◆ **SOURCE DATA**:
----

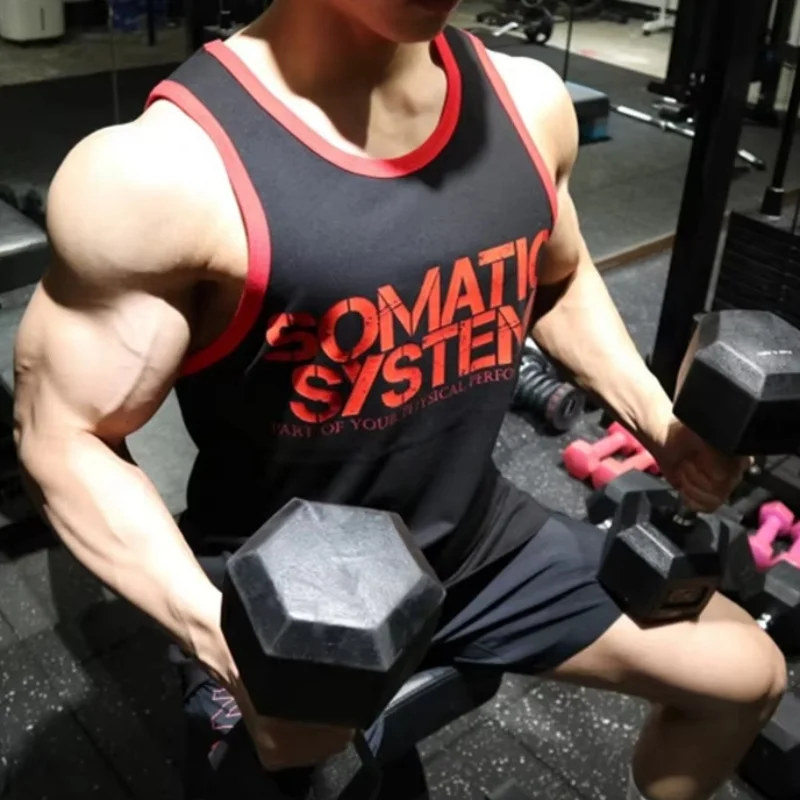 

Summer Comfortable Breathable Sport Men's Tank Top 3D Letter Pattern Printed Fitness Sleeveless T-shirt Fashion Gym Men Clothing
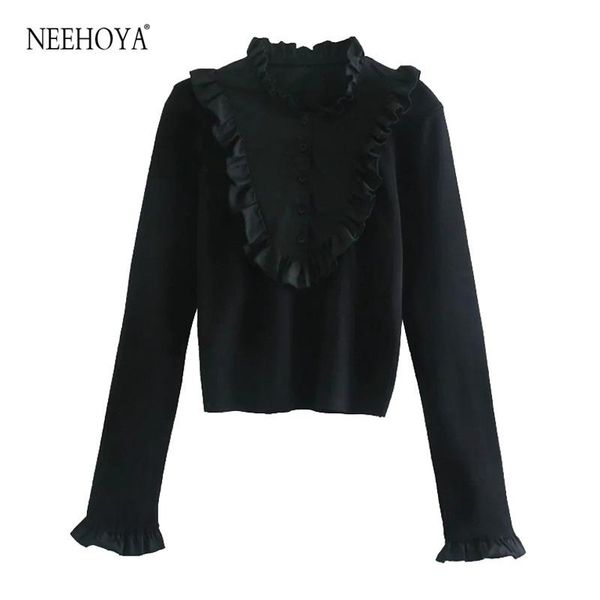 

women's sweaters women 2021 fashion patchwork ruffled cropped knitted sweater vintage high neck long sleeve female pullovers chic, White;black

----

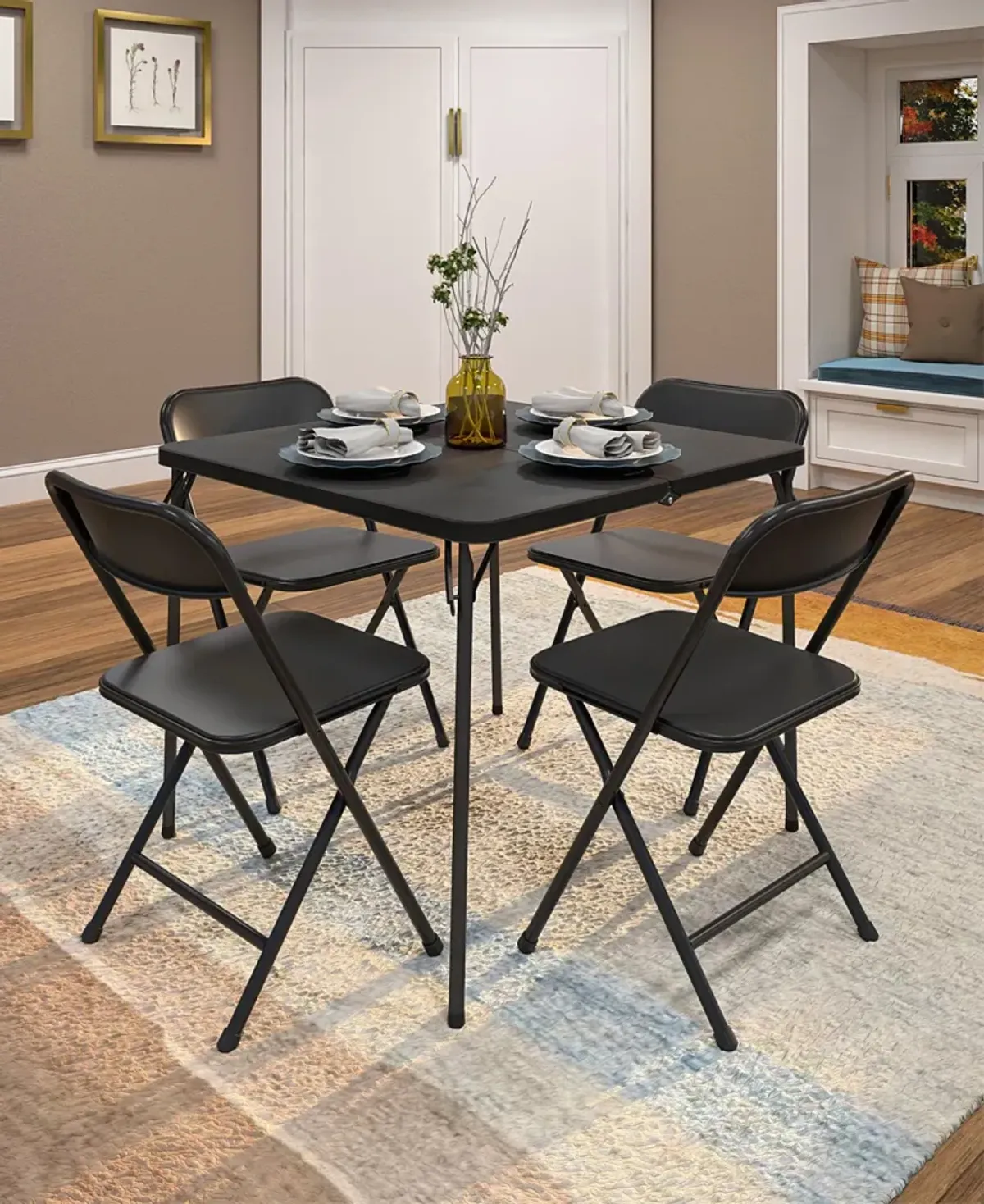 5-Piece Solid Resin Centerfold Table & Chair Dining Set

----

◆ **TRY IT**:
Your answer must be everything above from the line with "Summer Comfortable Breathable" down to the line with "women's sweaters women", word for word, and no pictures.

◆ **RESPONSE**:
Summer Comfortable Breathable Sport Men's Tank Top 3D Letter Pattern Printed Fitness Sleeveless T-shirt Fashion Gym Men Clothing

women's sweaters women 2021 fashion patchwork ruffled cropped knitted sweater vintage high neck long sleeve female pullovers chic, White;black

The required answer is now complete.